Featured image for Valgrind.

Valgrind is an instrumentation framework for building dynamic analysis tools that check C and C++ programs for errors. Memcheck is the default tool Valgrind uses when you don't ask it for another tool. Valgrind Memcheck can detect various memory leaks and keep track of whether memory is accessible and defined. But what if you have built your own memory manager? Memcheck keeps track of memory by observing the standard malloc/free, new/delete, and mmap/munmap system calls. But Memcheck doesn't know how a program subdivides that memory internally without a little help, and this article will show you how to provide that help through specialized code annotations.

Replacing malloc

If you simply replace the whole GNU C malloc implementation by defining your own functions with the same names (for example, by using tcmalloc or jemalloc), Valgrind will, since version 3.12.0, intercept all your replacement function (like malloc, free, and so on) unless you tell it not to. (See the --soname-synonyms option in the Valgrind manual for more on this.) After you give your functions these standard names, Memcheck can provide all normal memory-tracking functions, just as if you were using the system's malloc implementation.
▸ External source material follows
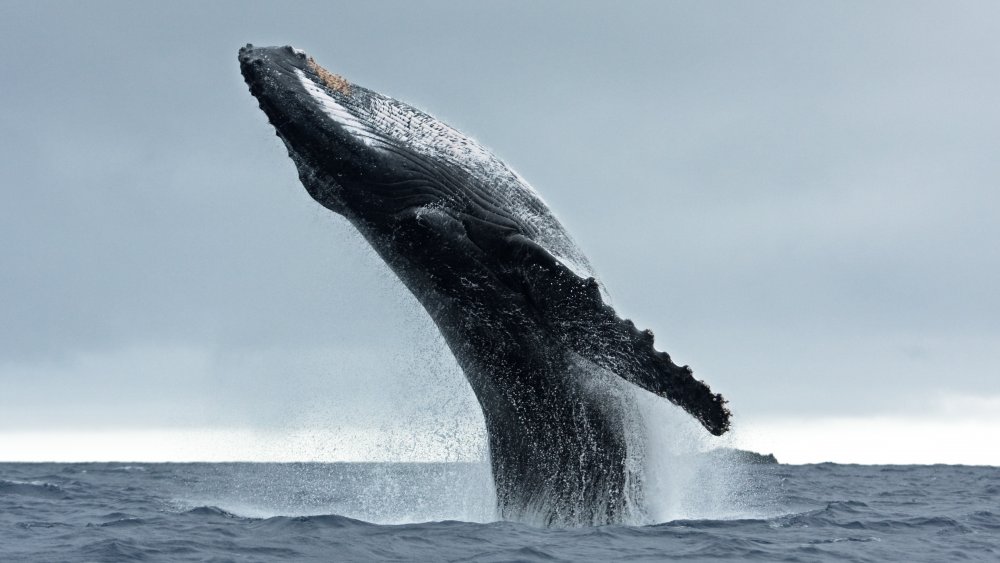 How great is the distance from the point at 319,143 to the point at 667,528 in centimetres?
463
The RUNNING_ON_VALGRIND macro

If you wrote your own allocator for more specialized use, Valgrind has a way for you to annotate your code so that tools such as Memcheck can keep track of the memory blocks you hand out to the rest of your program.

Make sure you have the valgrind-devel package installed to get access to this behavior. That package provides the /usr/include/valgrind/valgrind.h file, which defines some basic macros that annotate your code using instructions that look like they don't do anything. These instructions provide near-zero overhead in normal use; but when run under Valgrind, they are recognized as "magic sequences" that instruct Valgrind to do something special at that place in the code.

The simplest macro is RUNNING_ON_VALGRIND, which is 0 if running natively and 1 when running under Valgrind. If you have defined your own allocation and deallocation functions, you could use the macro as follows:

#include <valgrind.h>
#include <stdlib.h>

/* Some global structures for the real allocator.  */

void *
my_alloc (size_t size)
{
  if (RUNNING_ON_VALGRIND)
    return malloc (size);

  void *p = NULL;
  /* The real allocator ... */
  return p;
}

void
my_free (void *ptr)
{
  if (RUNNING_ON_VALGRIND)
    free (ptr);

  /* The real deallocator ... */
}

Compile this code with:

$ gcc -I/usr/include/valgrind -O2 -g -c my_alloc.c

Now, when running under Valgrind (and only when running under Valgrind), your allocation functions can simply use malloc and free, and Memcheck can track all memory usage as normal.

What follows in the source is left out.